From dreams, you remember only snapshots of hyperbole, but the streaks of emotion are of the disturbing type. They seem to be able to extend sentiments right to the edge of possible feeling, forming tragedy from their plausibility. In dreams, tears slowly chug down your face like raindrops on a window. Acts of simple import, a person leaving a room, conjecture about where they may have gone, spurs incredible emotion. It is hard to describe, because the nature of dreams is ephemeral. Their content fades. But their indelible impressions, their emotional imprints, can throw reality into a maudlin heap, color it in a depressive pall.

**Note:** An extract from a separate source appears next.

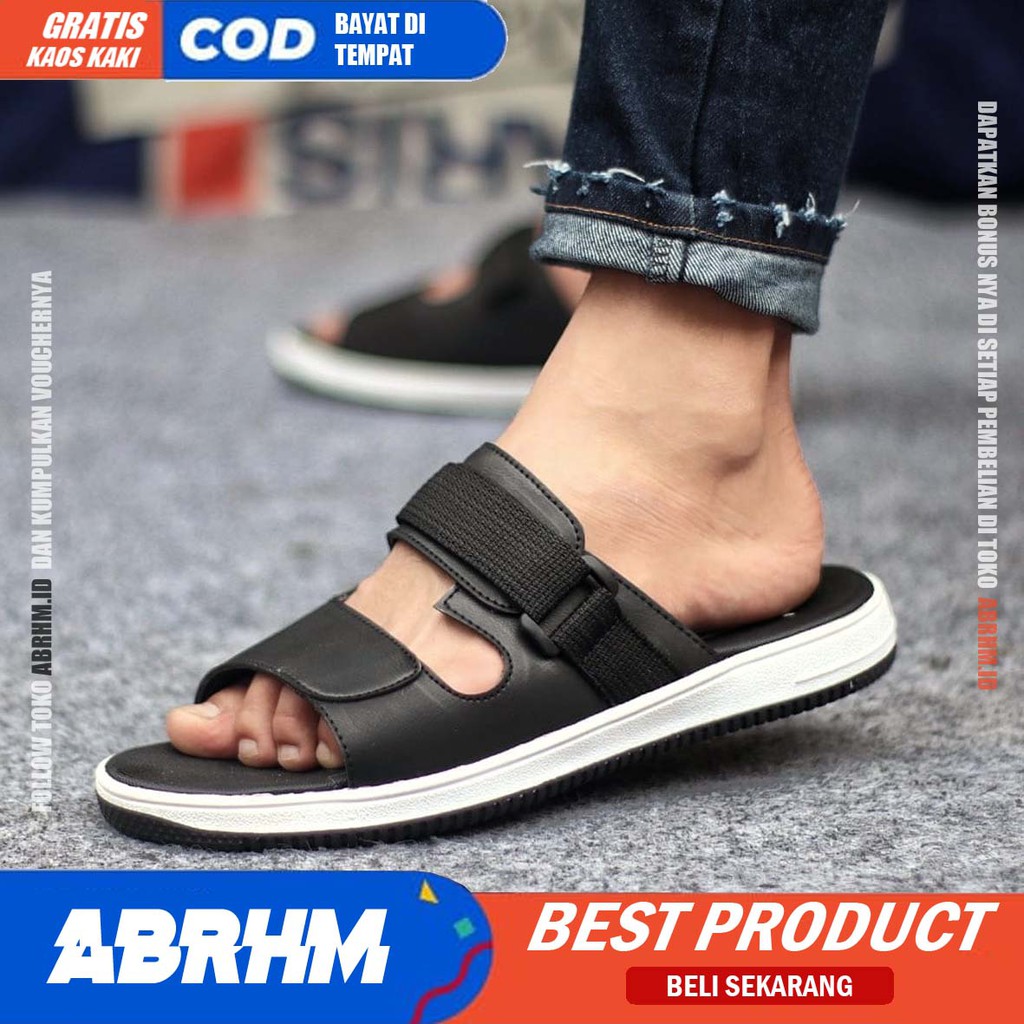 ABRHM x DON Sandal Slide Pria Sandal Slop Pria Kulit Pu Sendal Selop Cowok / Cowo Ori Keren Kekinian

This may sound like a depressed teenager’s journal entry, but the idea is to attune us to the nuances of our feelings, and by extension the nuances of life. Most people do not reflect on their dreams. They have their moments of emotional pin-prickery, and then sublimate everything as they go about their lives. To read this, to reflect on it, as Thomas Pynchon says, is a “progressive knotting into,” an investment in life and its human dimensions. I exhort you to live a like a “mad one,” at least for a moment, and think about yourself. Tear up, cry, smile, think.
I have had pleasant dreams, but the ones that linger to this day are of lost love. I wake up, let out a breath, and sink into my bed, tearing up at the notion of my impossible happiness. But still, it’s an impossibility worth thinking about.